日本のバレーボールは1964年の東京オリンピックで金メダルを取るほどの強さを誇っていましたが、2000年、予選に敗れ歴代で初めてオリンピックへの切符を逃してしまいました。

バレーボールはコートに6人いる競技なので、誰か一人の責任で試合に敗れるということはありません。

しかし、はじめてのオリンピック出場を逃したとき、世間の批判は竹下選手に集中しました。

「159cmしかない選手をセッターとして使うからオリンピックを逃した」。

技術やプレーではなく、身長が低いという理由だけでオリンピック予選敗退の責任をすべて押し付けられた竹下選手は、あまりの心ない批判に現役引退まで考えたそうです。

そんな竹下選手を救ったのは、監督やチームメイトの支えがあったからだといいます。

彼女の努力をそばで見ていたチームメイトは、誰も竹下選手を責めず、チームに竹下選手がどれだけ必要な存在かを伝え続けました。

チームメイトの支えのほかに、当時のことを振り返り竹下選手が語った言葉があります。

「転機となったのは身長のハンデを長所に変えるためにどうするか、と思考を変えることができたことです。それに、苦しんだ分だけ人は成長できると思います」。

ハンデを長所に変えるという発想の転換にすごいなと思いました。

ハンデや弱点、短所と呼ばれるものはだれもが抱えていると思います。

しかし、そのような部分も含めて神さまが私たちに必要なものとして与えて下さった個性なのだと思います。

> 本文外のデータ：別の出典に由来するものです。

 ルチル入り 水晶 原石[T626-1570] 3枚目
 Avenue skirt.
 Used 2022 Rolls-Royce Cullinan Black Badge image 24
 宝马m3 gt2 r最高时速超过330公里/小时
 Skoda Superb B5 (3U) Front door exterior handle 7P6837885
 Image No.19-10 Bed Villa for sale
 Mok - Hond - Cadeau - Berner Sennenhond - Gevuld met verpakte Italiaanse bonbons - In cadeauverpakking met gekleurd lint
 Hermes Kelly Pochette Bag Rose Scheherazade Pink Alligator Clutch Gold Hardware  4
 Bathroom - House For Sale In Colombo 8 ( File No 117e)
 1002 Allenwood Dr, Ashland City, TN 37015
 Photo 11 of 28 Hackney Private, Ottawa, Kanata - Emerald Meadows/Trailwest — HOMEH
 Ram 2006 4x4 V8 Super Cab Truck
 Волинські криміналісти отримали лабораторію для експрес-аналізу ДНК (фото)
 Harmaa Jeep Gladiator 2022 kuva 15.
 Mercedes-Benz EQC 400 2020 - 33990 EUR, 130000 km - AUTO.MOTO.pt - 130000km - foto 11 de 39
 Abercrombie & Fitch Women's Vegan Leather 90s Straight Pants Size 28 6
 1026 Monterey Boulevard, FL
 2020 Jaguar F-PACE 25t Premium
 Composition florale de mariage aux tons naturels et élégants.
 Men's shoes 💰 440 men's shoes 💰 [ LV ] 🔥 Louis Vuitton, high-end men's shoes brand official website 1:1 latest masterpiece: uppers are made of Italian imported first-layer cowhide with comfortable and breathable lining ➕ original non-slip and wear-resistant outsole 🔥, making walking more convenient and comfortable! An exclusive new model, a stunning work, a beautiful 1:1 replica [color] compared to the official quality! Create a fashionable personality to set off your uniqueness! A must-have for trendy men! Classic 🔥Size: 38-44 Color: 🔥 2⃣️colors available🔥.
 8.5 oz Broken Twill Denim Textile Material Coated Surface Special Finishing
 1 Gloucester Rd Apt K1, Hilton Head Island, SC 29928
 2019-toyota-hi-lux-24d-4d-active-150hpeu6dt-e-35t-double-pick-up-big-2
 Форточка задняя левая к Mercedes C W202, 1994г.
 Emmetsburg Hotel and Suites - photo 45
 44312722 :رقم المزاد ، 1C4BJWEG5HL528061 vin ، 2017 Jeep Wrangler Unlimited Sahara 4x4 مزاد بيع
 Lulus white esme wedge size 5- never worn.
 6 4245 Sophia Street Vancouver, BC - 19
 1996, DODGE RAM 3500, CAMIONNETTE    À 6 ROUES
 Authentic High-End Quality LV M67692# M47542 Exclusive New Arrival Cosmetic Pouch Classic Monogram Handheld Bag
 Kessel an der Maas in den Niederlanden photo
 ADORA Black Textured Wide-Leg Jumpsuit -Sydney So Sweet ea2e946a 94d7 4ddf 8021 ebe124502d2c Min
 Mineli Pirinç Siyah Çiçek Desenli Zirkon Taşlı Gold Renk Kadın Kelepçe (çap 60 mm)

進路指導の面接などの中で「あなたの長所と短所を教えてください」と問いかけることがあります。

「私の短所は心配性なところです」などの答えにふと疑問を抱きます。

心配性は短所でしょうか。

物事に慎重に取り組むという長所でもあると思います。

進路関係の本や雑誌、ネットを検索すると短所を長所に置き換える表やサイトがたくさんあります。

ハンデや弱点、短所などは、周りからの評価や自分自身の捉え方に過ぎないのだと思います。

見方を変えると、違った捉え方ができます。

私たちの性格や個性は、1つの方向から見ると「良いか悪いか」「弱いか強いか」などの偏った捉え方しかできないのかもしれません。

大切なのは、1つの捉え方に固執せず、様々な角度から捉え、一見短所と思われる部分も含めて、自分の個性として受け止めることだと思います。

今日の聖書箇所には、「わたしの目にあなたは値高く、尊い」とあります。

私たちの価値は能力で決まるのではありません。

「良いか悪いか」「弱いか強いか」「できるできない」が大切なのではなく、私たち一人ひとりに与えられた個性を大切に今日という1日を過ごしていきたいと思います。